The Great Cloud Data NRR Squeeze is Going Swimmingly

Last month, on April 19, dbt Labs published “The Next Big Step Forwards for Analytics Engineering,” a rambling, jargon-laden puff piece…

Last month, on April 19, dbt Labs published “The Next Big Step Forwards for Analytics Engineering,” a rambling, jargon-laden puff piece that lays out how dbt Labs plans to remain solvent as a business. At the core of this narrative is model sprawl, or SQL sprawl, or stacked CTE sprawl — the proliferation of objects, tables, views, all referencing other objects, tables, views. All of these things, this stuff strung together with dbt. These are really just cash flows made from breaking down data schemas then rolling them back up again.

From “The Next Big Step Forwards for Analytics Engineering” blog post. Also, the labels on the right should be displayed as buckets, eg. 100–1000, 1000–5000.

The narrative:

Many organizations that have invested in dbt (the products and headcount to support) have increasing sets of SQL sequences over time
Several years ago a big project would be 150 or so models, but today that number is 1,000 and an appreciable number of customers have over 5,000 models
This is not a problem because software engineers have systems that grow in complexity
dbt Labs’ offerings do not currently allow users to fully work like said software engineers with systems that grow in complexity, but there are a few plans for the future and new features and here are a few of them

Now, this all may sound good and dandy to you if you were born yesterday, but really what is going on here is the game behind the game: compound interest, or compounding debt obligations if you look at it from the customer side.

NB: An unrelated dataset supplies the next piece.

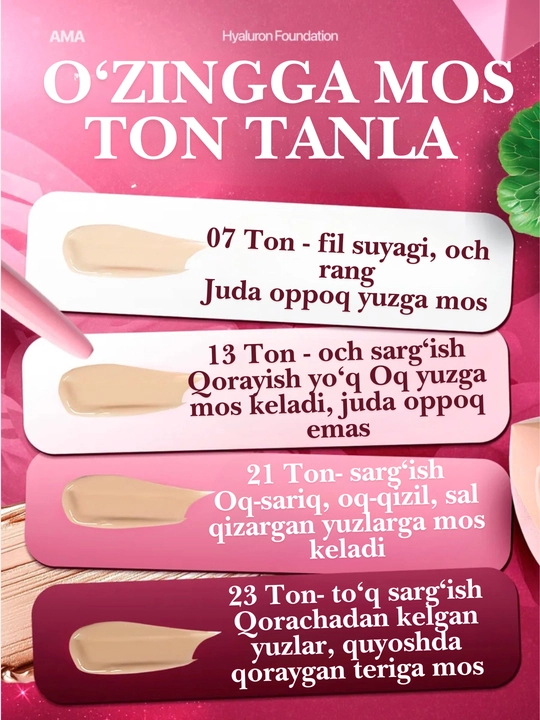 Tonal krem AMA Hyaluron Foundation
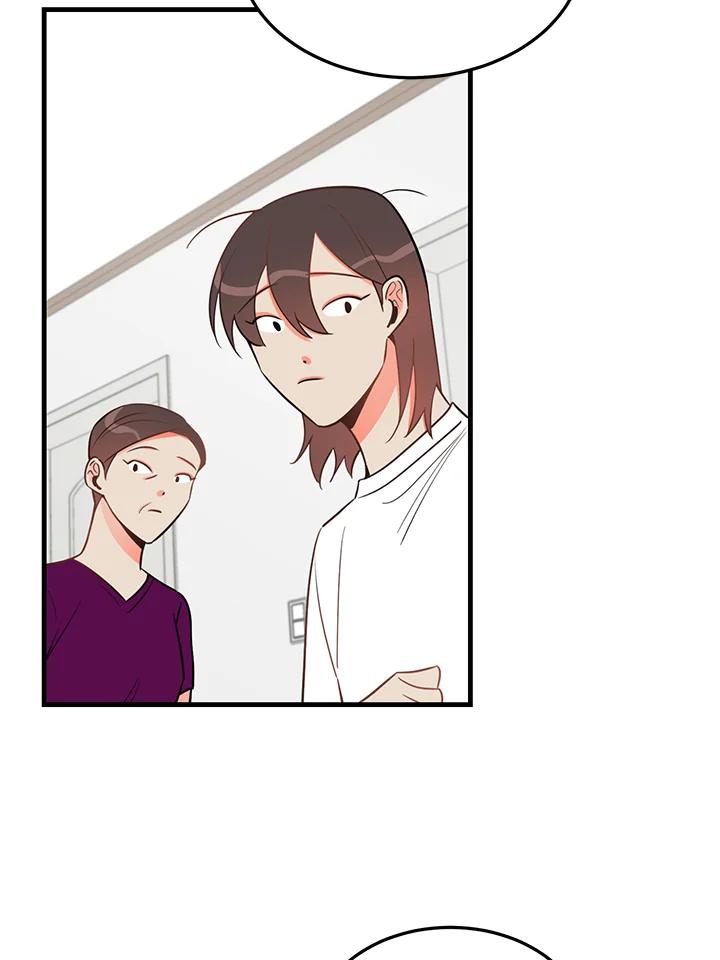 天菜帅哥换人当 - 第21话 - 第21张图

How is your project growing in sprawl? How is runtime affected? Every time you stack CTEs on CTEs on usage-based compute you are compounding cash flows out of your business. If your earlier CTEs stink and you are running insane windowing functions or high cardinality joins over large datasets, you’re just building up tech debt and actual debt.

What is laid out in this article is no different than a financial institution offering advice in marketing materials that consumers carry more balance on their credit cards month to month, and then pay interest on it, while simultaneously adding more balance.

Could you imagine getting a pamphlet in the mail that sounds something like the below?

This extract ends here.